Labor’s proposed changes to the franking system have the stated goal of righting some inequities in the present tax system.
We discussed in a previous article how these changes could damage the Australian economy and negatively impact businesses.
Nowhere is this problem made clearer than with the possible effects on self-managed super funds.
That’s what we focus on here…
Proposed changes to franking credits: main objections
The main objections to the proposed changes to franking credits when it comes to superannuation funds are two-fold:
1. People’s retirement income will be significantly impacted; and
2. The changes unfairly treat self-managed superannuation funds when compared to the larger super funds
Labor has promised not to crack under pressure from the many experts or consumer groups who oppose the changes.
They seem unwilling to listen to people’s valid claims.
Equality and fairness with superannuation?
If the Australian Labor Party is trying to create a fairer tax system, they should at least consider removing the unfair and anti-competitive treatment of self-managed super funds.
As widely reported and acknowledged by all experts, members of self-managed superannuation funds will not be able to claim these franking credit refunds in the future, with the proposed changes.
However, members of the large bank and industry funds will continue to receive this benefit – regardless of their member balance.
This is therefore nothing to do with equality and fairness.
If Labor is so committed to the policy, why have they not removed the exemption for the large superannuation funds, especially at a time when the bank funds have been shown to be a poor option?
Australians should be given options and control of how to invest their life savings and not be forced into limited options based on unfair tax treatment.
If the large super funds were included, the tax windfall would be significantly higher and remove this unfair treatment of the smaller players.
It would also remove the ability for people to avoid the tax.
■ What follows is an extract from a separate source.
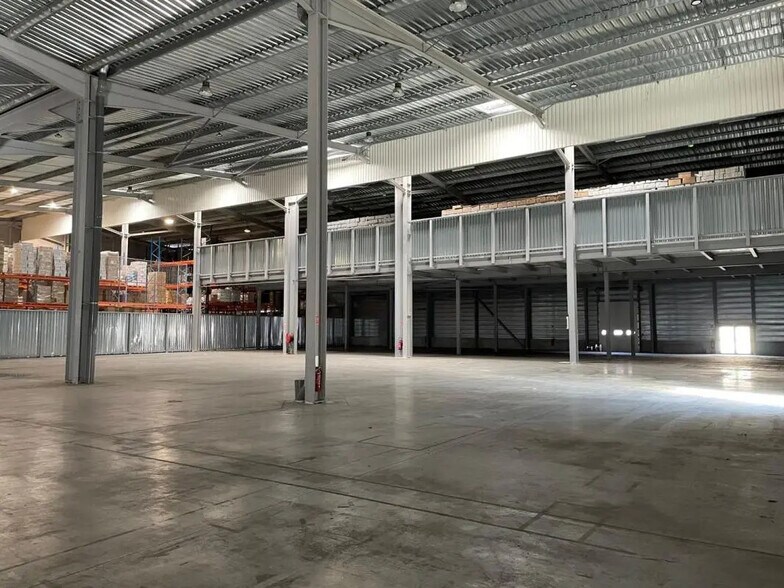 Industrial in La Crau for lease - Interior Photo - Image 1 of 4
For example, one option for self-managed super funds that are impacted by this tax change would be to move to one of the large super funds.
This would negate a significant portion of the expected tax savings collected.
However, a change that included the large players would remove this option and increase the windfall to the government.
If it ain’t broke why try to fix it?
As discussed in our previous article, we do not believe this policy should be put in place at all.
The dividend imputation system and refunds currently act in a very fair way to ensure that all Australians are taxed according to their normal tax rate.
We feel that it should be left as it is: “If it ain’t broke, don’t fix it”.
However, if the Australian Labor Party are committed to pushing ahead with this policy, they should show their commitment and at least make it fair for everyone concerned – not hit SMSF owners while letting the big players off the hook.